Guest curator Ed Williams sought to build upon the popular hashtag #RepresentationMatters, which is about providing narratives about people of color or of different orientations, genders, backgrounds, and abilities.
- Darius Williams, DBW Photography
- Ed Williams, guest curator and founder of Mayke Entertainment LLC
"Some of us dream of being superheroes," he says. "Some of us just want to see ourselves. So the core of this show is definitely about representation. You know, black people, we just want to see ourselves as superheroes, flying, saving the day, in space. We just want to be visible outside of slavery movies and things like that."
Williams' comic book line, developed under his company Mayke Entertainment LLC, is featured at the exhibit to show the "characters, stories, and mythologies from the color palette that represents the world."
"My motivation for working with comic book characters started when I was a kid," he says. "I always loved superheroes. But I started noticing that none of the superheroes that I love actually looked like me. And it was a very hard thing to digest. Because when I went looking for black superheroes, I found sidekicks and I found villains. And I was just like, wow, is that what I'm limited to?"
His installation features character cutouts, posters, comics, and lookbook pages of four of Mayke's characters: Tremor, John Henry, Braxton, and Bolt. Tremor, who was conceptualized in 2009, two years before Mayke was founded, was based on Williams himself.

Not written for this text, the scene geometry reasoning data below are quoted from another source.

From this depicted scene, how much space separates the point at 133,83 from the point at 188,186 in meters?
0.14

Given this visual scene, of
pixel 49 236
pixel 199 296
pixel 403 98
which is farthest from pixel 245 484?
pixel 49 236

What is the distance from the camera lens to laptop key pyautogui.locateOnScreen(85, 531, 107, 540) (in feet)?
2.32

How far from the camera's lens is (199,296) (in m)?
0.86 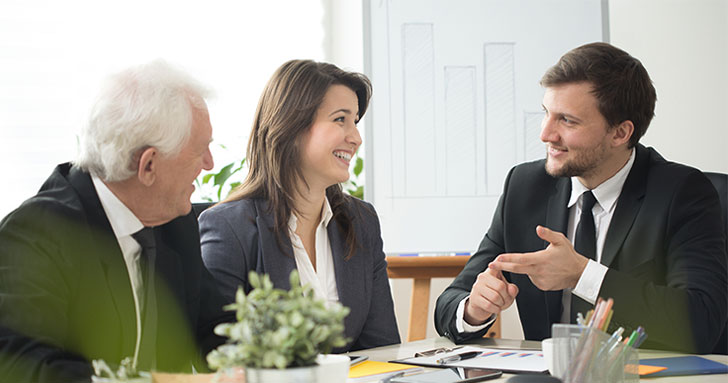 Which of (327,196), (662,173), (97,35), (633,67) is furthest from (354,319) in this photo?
(97,35)

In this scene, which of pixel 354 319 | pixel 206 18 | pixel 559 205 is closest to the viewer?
pixel 354 319

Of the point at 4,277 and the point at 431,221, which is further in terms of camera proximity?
the point at 431,221

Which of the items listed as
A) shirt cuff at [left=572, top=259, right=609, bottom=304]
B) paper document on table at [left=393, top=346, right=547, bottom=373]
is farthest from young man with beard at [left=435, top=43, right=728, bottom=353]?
paper document on table at [left=393, top=346, right=547, bottom=373]

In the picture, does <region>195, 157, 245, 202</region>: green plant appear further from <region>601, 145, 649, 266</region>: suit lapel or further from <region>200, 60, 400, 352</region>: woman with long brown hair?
<region>601, 145, 649, 266</region>: suit lapel

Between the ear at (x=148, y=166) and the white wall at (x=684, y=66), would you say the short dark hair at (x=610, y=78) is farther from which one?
the white wall at (x=684, y=66)

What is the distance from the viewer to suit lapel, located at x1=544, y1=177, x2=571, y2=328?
6.41ft

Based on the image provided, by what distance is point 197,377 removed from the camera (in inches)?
45.2

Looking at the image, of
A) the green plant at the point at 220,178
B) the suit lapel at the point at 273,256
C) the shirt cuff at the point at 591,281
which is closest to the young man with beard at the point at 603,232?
the shirt cuff at the point at 591,281

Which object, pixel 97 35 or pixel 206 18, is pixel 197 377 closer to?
pixel 97 35

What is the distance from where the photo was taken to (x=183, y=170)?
1404 millimetres

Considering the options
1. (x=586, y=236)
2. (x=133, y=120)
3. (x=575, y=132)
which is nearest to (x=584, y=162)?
Result: (x=575, y=132)

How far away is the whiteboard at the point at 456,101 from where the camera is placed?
2928 mm

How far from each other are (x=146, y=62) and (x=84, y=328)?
1.66 feet

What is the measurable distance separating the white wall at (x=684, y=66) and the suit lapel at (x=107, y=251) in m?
2.69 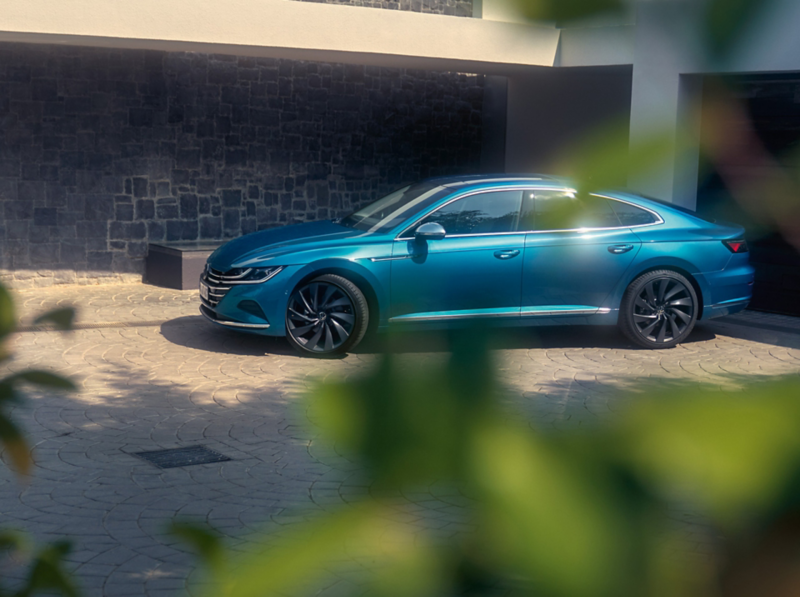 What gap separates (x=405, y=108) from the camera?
51.6 feet

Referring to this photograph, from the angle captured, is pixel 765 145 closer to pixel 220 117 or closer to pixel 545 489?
pixel 545 489

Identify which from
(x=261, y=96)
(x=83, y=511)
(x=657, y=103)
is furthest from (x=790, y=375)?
(x=261, y=96)

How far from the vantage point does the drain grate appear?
5.64 m

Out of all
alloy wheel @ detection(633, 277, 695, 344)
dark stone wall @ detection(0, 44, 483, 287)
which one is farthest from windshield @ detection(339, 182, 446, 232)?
dark stone wall @ detection(0, 44, 483, 287)

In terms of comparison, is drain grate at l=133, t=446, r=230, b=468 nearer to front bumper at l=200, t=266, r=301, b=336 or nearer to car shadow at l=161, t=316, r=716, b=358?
front bumper at l=200, t=266, r=301, b=336

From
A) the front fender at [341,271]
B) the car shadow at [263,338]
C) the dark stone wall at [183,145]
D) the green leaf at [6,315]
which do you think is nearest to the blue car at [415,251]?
the front fender at [341,271]

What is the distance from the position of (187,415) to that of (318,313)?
6.41 ft

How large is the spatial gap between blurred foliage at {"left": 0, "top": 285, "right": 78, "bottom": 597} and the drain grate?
15.2 ft

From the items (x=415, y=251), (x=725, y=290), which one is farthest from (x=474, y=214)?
(x=725, y=290)

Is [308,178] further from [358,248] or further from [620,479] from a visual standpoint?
[620,479]

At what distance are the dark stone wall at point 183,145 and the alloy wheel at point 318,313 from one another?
12.1 ft

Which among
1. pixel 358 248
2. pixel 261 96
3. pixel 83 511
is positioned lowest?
pixel 83 511

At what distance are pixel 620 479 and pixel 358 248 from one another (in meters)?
7.65

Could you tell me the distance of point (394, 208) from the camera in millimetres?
8906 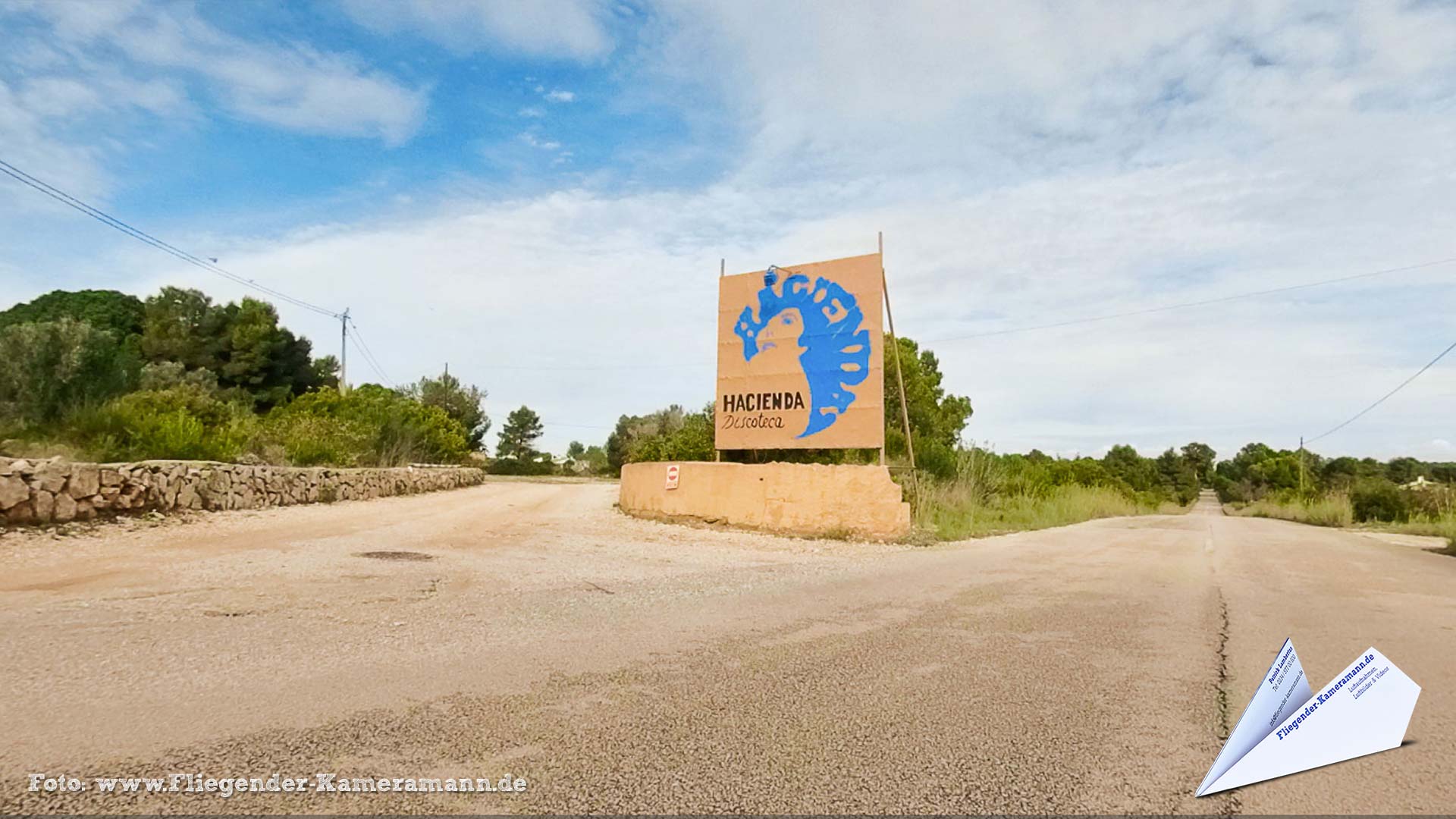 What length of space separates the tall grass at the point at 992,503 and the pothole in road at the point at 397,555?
8822 millimetres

"You'll see me all throughout there in how he looks, his size and things like that," he says. "That was inspired by the fact that there were no heavy-set superheroes that people could take seriously. They were always like the punch line, and I hated that."

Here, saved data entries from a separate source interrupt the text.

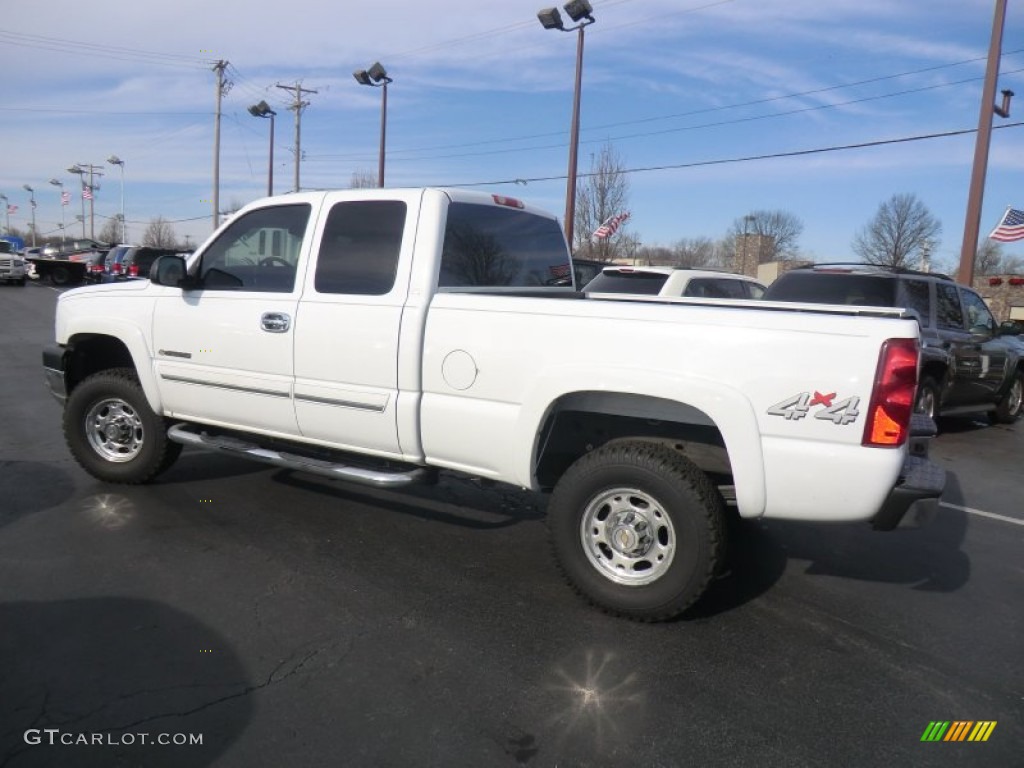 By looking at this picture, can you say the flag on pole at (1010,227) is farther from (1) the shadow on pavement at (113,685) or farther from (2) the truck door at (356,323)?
(1) the shadow on pavement at (113,685)

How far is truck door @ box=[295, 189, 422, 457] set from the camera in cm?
423

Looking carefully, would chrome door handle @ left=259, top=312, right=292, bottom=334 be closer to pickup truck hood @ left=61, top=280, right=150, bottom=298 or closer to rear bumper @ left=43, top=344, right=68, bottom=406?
pickup truck hood @ left=61, top=280, right=150, bottom=298

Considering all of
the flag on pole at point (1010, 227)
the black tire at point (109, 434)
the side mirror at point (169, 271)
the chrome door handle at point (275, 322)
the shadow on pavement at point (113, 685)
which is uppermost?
the flag on pole at point (1010, 227)

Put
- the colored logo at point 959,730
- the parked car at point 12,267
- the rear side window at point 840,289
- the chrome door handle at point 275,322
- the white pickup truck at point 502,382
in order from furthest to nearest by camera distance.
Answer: the parked car at point 12,267 → the rear side window at point 840,289 → the chrome door handle at point 275,322 → the white pickup truck at point 502,382 → the colored logo at point 959,730

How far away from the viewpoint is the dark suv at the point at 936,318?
8.04 m

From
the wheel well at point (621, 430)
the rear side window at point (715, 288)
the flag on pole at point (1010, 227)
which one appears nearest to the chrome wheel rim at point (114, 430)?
the wheel well at point (621, 430)

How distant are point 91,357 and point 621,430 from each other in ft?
13.4

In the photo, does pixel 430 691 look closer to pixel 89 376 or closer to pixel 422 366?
pixel 422 366

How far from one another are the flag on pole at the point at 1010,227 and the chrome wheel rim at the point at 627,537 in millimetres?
15880

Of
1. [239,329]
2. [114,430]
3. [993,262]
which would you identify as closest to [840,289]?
[239,329]

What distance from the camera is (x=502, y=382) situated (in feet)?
12.8

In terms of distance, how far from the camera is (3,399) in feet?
29.0

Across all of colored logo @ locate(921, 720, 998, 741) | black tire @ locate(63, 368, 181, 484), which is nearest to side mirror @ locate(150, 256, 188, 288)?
black tire @ locate(63, 368, 181, 484)

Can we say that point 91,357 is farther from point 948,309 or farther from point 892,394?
point 948,309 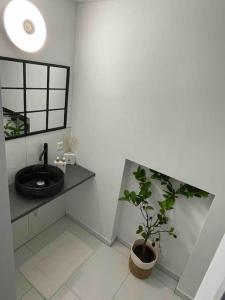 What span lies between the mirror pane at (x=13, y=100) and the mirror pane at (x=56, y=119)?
306 mm

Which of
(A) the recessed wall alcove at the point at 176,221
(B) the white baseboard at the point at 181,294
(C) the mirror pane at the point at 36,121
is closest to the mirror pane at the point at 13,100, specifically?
(C) the mirror pane at the point at 36,121

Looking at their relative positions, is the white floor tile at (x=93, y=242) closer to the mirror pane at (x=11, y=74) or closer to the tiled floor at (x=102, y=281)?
the tiled floor at (x=102, y=281)

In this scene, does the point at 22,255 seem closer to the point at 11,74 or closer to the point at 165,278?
the point at 165,278

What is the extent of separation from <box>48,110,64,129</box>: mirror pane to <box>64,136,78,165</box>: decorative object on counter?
199mm

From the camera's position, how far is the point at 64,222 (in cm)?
250

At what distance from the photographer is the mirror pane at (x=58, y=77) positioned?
1.79 m

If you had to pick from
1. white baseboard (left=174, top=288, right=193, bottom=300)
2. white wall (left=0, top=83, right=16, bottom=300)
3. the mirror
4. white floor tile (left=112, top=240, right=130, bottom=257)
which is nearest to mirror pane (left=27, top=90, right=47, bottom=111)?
the mirror

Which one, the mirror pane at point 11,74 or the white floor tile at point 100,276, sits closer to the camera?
the mirror pane at point 11,74

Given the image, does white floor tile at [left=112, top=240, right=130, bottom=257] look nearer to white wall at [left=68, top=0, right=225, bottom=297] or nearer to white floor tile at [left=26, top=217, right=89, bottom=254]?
white floor tile at [left=26, top=217, right=89, bottom=254]

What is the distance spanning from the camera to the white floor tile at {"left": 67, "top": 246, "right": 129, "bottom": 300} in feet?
5.83

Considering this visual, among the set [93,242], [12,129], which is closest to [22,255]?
[93,242]

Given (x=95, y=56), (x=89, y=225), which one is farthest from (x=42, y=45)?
(x=89, y=225)

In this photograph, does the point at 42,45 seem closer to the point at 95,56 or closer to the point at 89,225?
the point at 95,56

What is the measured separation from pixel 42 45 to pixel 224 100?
4.72 ft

Adjacent to Ed Williams' Mayke display is that of local artist Quinn McGowan's comic book company, Legends Press Comics, showcasing comic books Elsewhere and Project: Wildfire, a map of Shelby City (inspired by Memphis), an action figure, and drawings of his characters mingling with characters from pop culture. In one piece, entitled Bad Cousin, the main hero, Wildfire, is seen attending a party with Erik Killmonger from Black Panther.
"Black Panther was sort of universal in its connectivity to black audiences," says McGowan. "And Erik Killmonger being the primary African-American character, he resonates on a pretty high level, even if you don't agree with him completely morally. So when a character or person from our community makes it, we all jokingly say he's our cousin."
McGowan says Wildfire is inspired by his grandfather.
"My grandfather and I used to watch wrestling when I was little on Saturdays, and then after that, Ultraman would come on, and he would fight monsters," he says. "One of his favorite wrestlers was a wrestler from the Memphis circuit called Wildfire, Tommy Rich. So everything is a piecemeal letter to my grandpa, who's pictured in the center of all of those images."
McGowan and his friend Kennedy Moore are currently developing a 16-bit video game that mimics a television cartoon with gameplay during the "commercial breaks."
"It would be a representation of if we were represented more in media," says McGowan. "That could have been what I experienced when I got home from school at three o'clock in the afternoon."
Other artists featured in "The Audacity" include Parker-Nia Gordon, Toonky Berry, Mia Saine, Kenneth Alexander, Dezmond Gipson, Sarai, David Yancy III, Amber Williams, Grant Butler, and Therrious Davis. The exhibition is on display through March 12th at The CLTV CMPLX (2234 Lamar).